Agthia expands MENA presence with strategic investments amid shifting markets
The UAE-headquartered food and beverage giant Agthia Group is advancing its regional growth strategy with recent investments in Saudi Arabia and Egypt, while navigating economic shifts and evolving consumer demand, Chief Growth Officer Rafik Lawendy told Zawya Projects.
In July 2024, the ADX-listed company inaugurated a 90 million UAE dirhams ($24.5 million) protein facility in Saudi Arabia.

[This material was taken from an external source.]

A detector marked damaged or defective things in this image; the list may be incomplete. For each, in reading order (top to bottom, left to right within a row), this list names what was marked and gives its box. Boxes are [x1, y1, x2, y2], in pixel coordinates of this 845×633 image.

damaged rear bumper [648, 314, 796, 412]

“This investment reinforces Agthia’s footprint in the GCC’s largest market, supporting the company’s commitment to localising production at competitive economics,” said Lawendy.

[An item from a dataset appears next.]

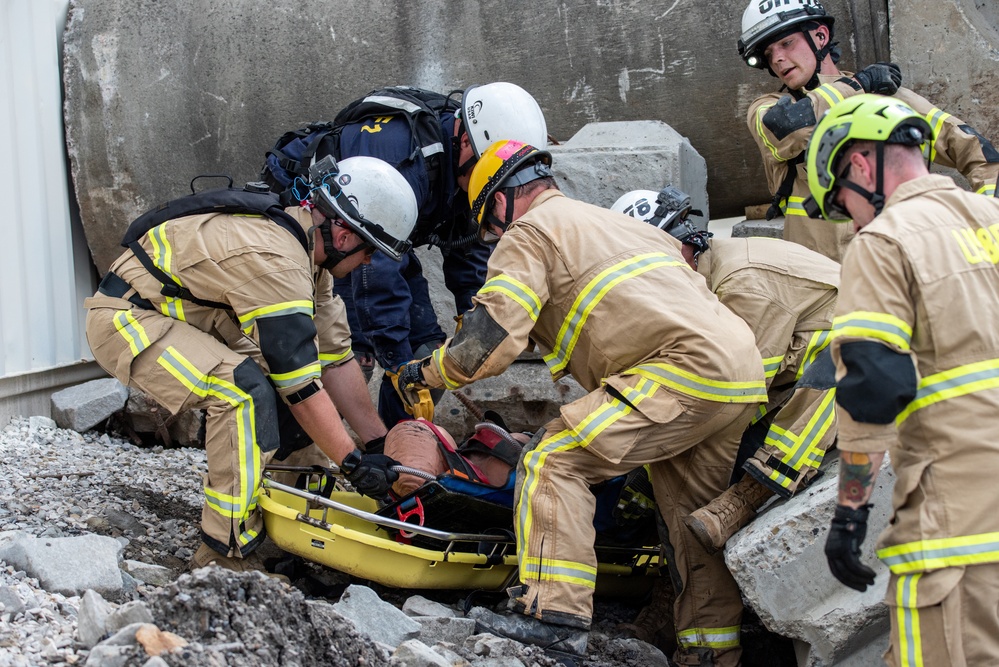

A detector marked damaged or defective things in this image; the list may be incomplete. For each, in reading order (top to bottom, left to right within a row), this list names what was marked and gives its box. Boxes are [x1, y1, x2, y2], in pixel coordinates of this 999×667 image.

broken concrete slab [552, 122, 708, 230]
broken concrete slab [50, 380, 127, 434]
broken concrete slab [0, 536, 124, 604]
broken concrete slab [724, 460, 896, 667]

In Egypt, Agthia expanded its processing capabilities with a new IQF strawberry line, which became operational in early 2024.
“This facility plays a central role in our export-driven strategy, helping offset the impact of currency fluctuations by increasing sales to regional and global markets,” the Agthia executive said.
Last week, the Group announced the consolidation of an additional 10 percent stake in Abu Auf, a leading Egyptian healthy snacks and coffee brand, increasing its ownership to 80 percent.
“Egypt remains a strategic market due to its high demand for protein, coffee, and snacks, and its role as a cost-efficient manufacturing hub for exports," Lawendy said.